Improving Your Web Applications with Selenium WebDriver

Leverage Selenium WebDriver to automate part of your web application testing approach.

Testing Login or Search seems straightforward. Click, type, click, type, wait, look. Something happens, though, between that initial test of your first functionality and the final polished application, with many features, across many browsers and devices. Invariably things get really complicated. Luckily, Selenium WebDriver can handle a lot of that complexity for you, if you leverage it correctly.

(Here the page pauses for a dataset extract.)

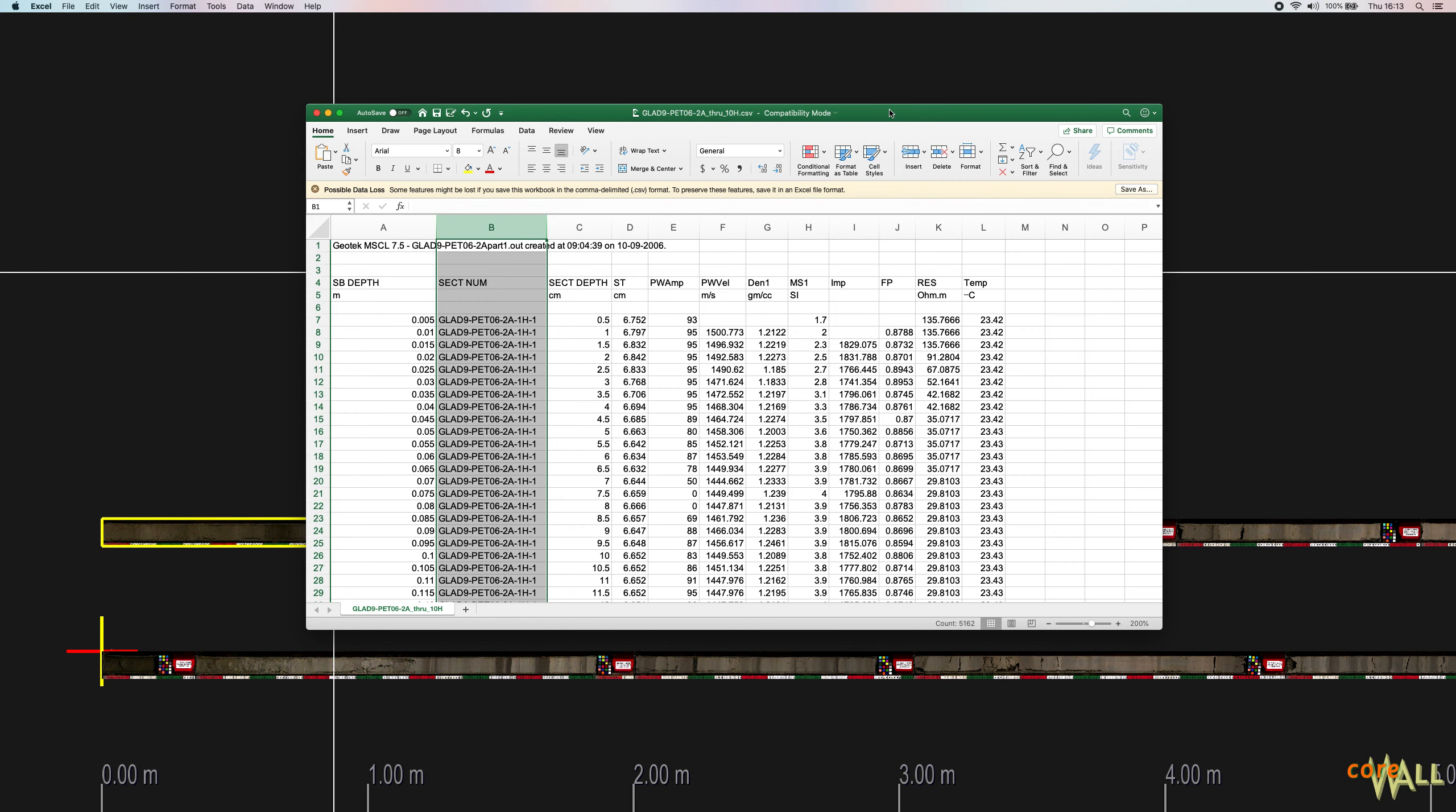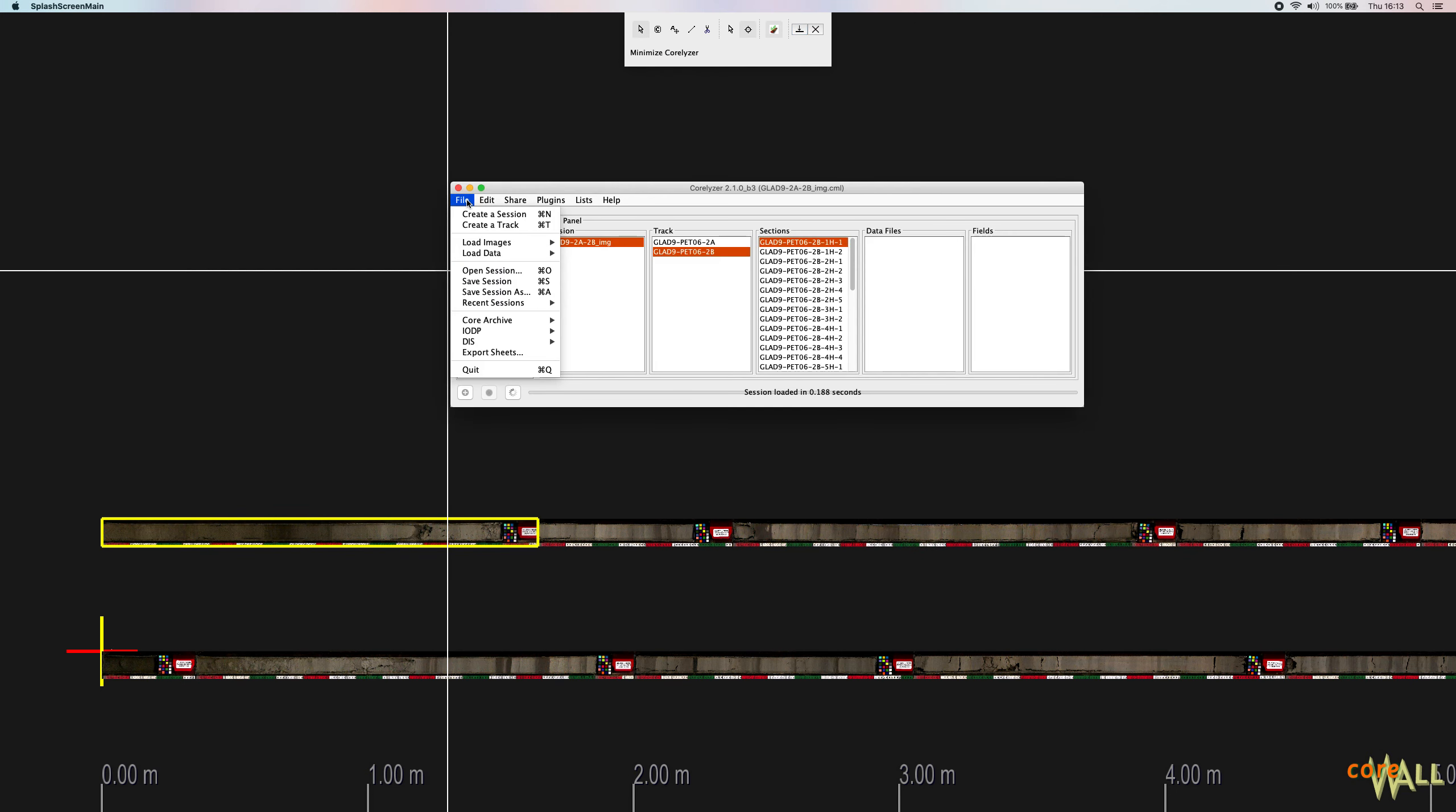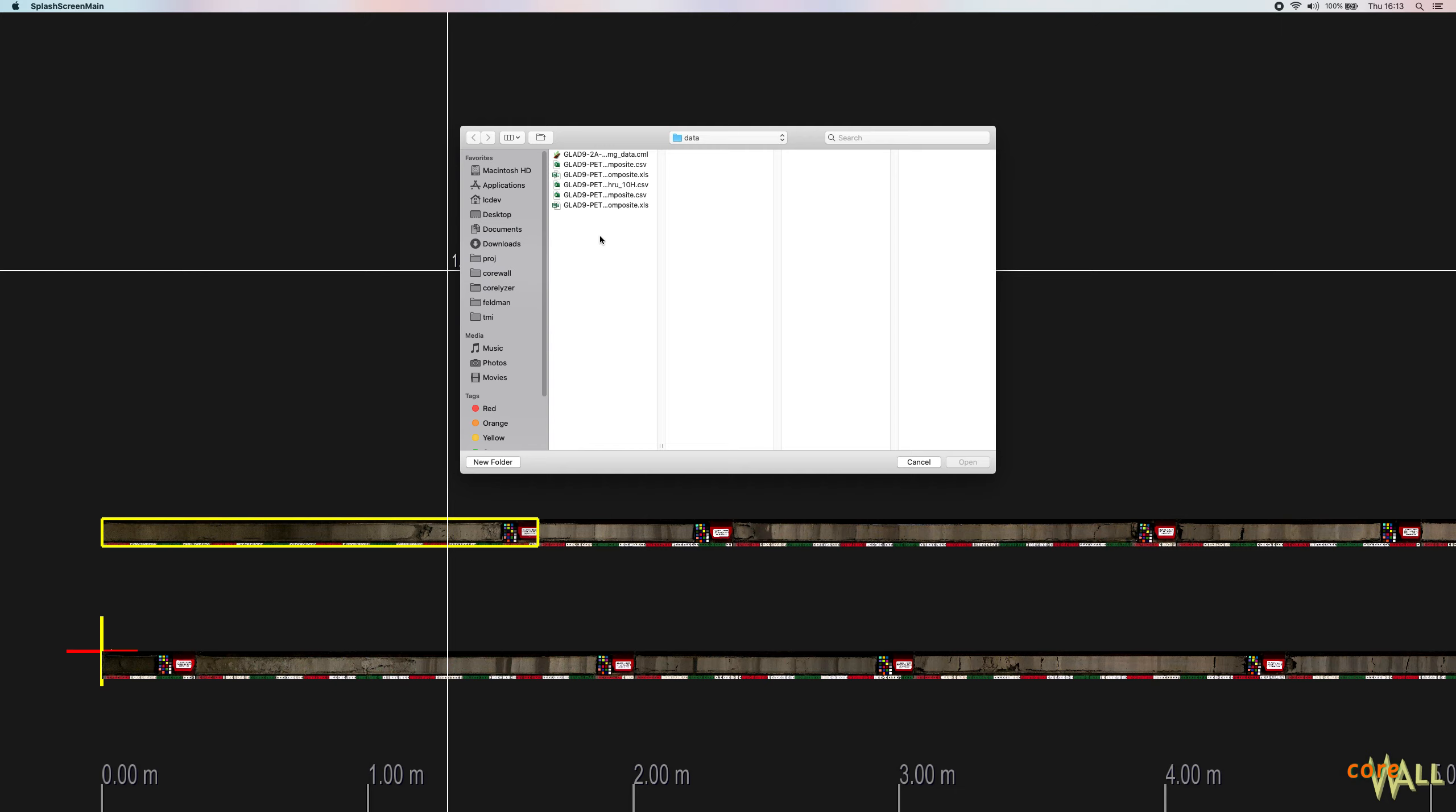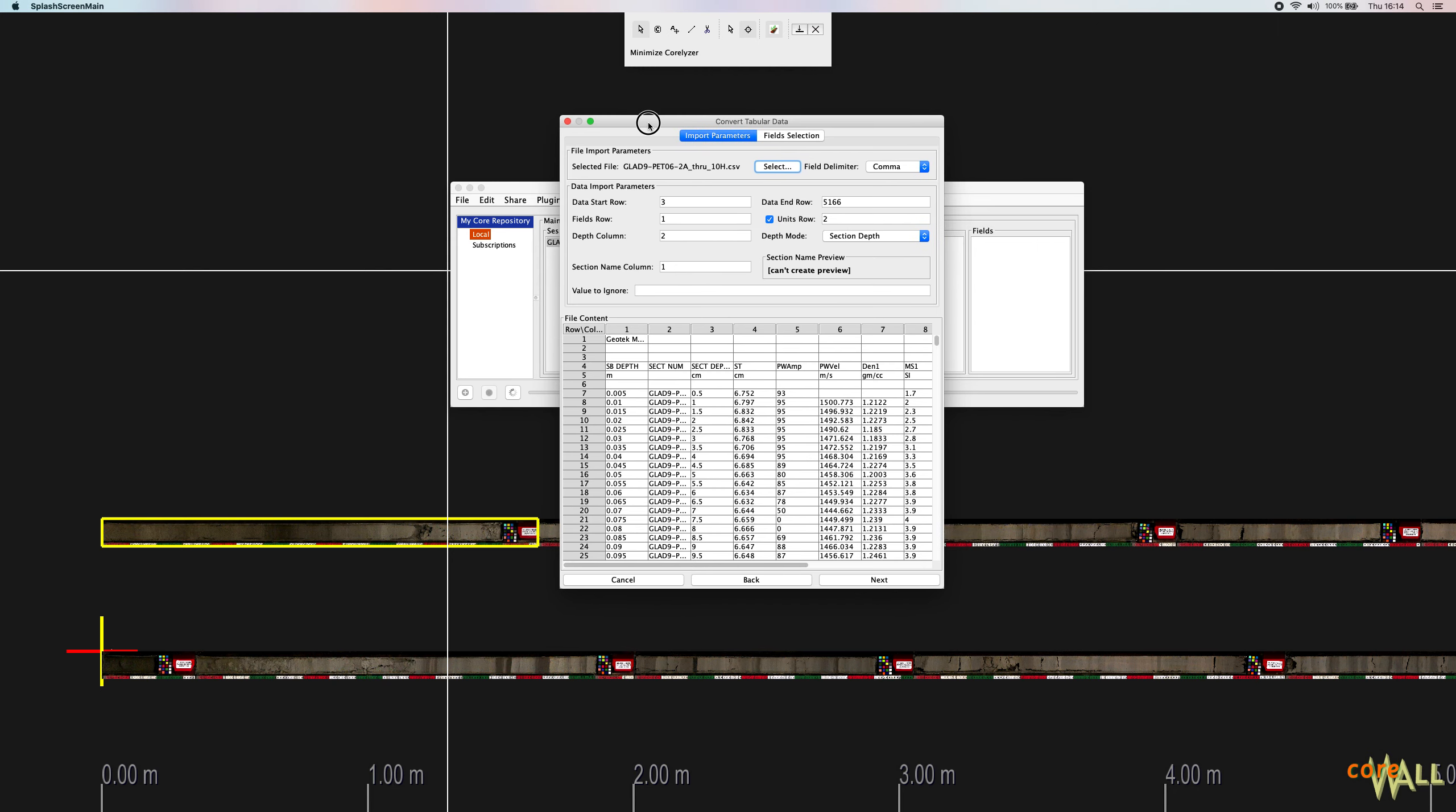So if your data is ready, then go to Coralizer and go to the File menu, go to Load Data, and choose Convert Tabular Data to XML to get started. Now navigate to the file that you'd like to import. This opens the Convert Tabular Data dialog.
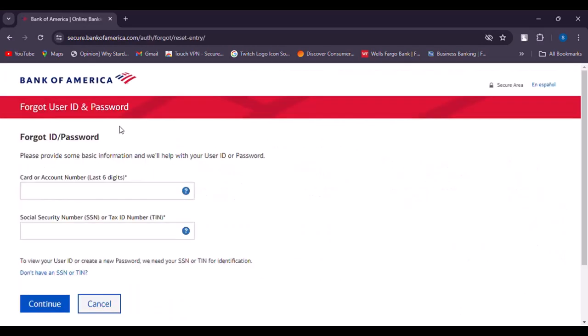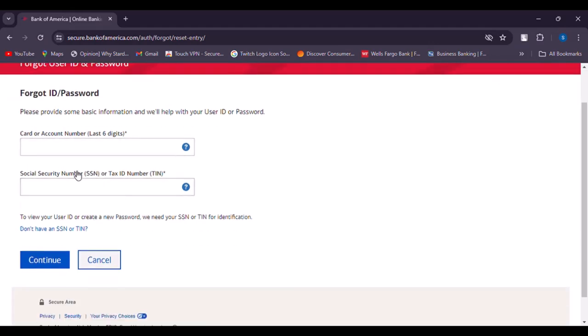Once you do that, you'll see information fields including card or account number. If you don't remember your password, you must remember your account number or card. Go ahead and provide whichever you remember. Now simply add your Social Security number according to your card.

Historically, multi-platform deployment and robust testing have existed as natural enemies. Throughout the mid-2000s, software providers simply insisted on support one single most-popular browser.  Internal web applications were guaranteed only to work with Internet Explorer 6 on Windows XP. If you wanted to use Internet Explorer 7 when it came out, they made no guarantees and helpdesk would not support the call. As for something exotic like upstart Firefox, forget about it.

Organizations didn't do this to annoy their users; they were simply trying to minimize the cost of testing and support. That speaks to just how difficult and time-consuming testing web applications become.

Eventually, the world adapted Internet Explorer's dominance receded. Users demanded functionality in their browser of choice and refused to accept seriously broken software. At the same time, the bought phones and tablets and demanded the privilege of working (or shopping) while waiting in the Doctors office. The sponsoring executives, eager to get more revenue and work hours, insisted the software meet these demands.

The History of Selenium WebDriver

Forward-thinking developers did not just sit idle during this period of Internet Explorer dominance. Even as the web application testing conundrum slowed the pace of delivery, clever people sought ways to address it.

Developers at Thoughtworks, specifically, had some ideas. While working on a web version of a time and expenses application, Thoughtworker (and later, Sauce Labs co-founder) Jason Huggins built a tool that could obey encoded scripts. Selenium was born. Another Thoughtworker, Paul Hammant, built on this automation idea. He introduced a second mode of operation for Selenium, that allowed remote "steering" of the functionality over TCP/IP. This meant that users could drive the functionality using the programming language of their choice. Selenium thus had two operating modes: core and remote-controlled (RC). This had powerful implications for testing. Selenium users could now script interactions with browsers.

Selenium continued to evolve By 2007, a competing design emerged that would become known as WebDriver. Whereas Selenium 1.0's RC mode worked via Javascript that ran in all browsers, the new design operated via plugins that were “close to the metal” for each individual browser. The project eventually merged Selenium with WebDriver and released the merger as Selenium 2.0. WebDriver had replaced RC mode.

(You can read a more detailed history of Selenium WebDriver here).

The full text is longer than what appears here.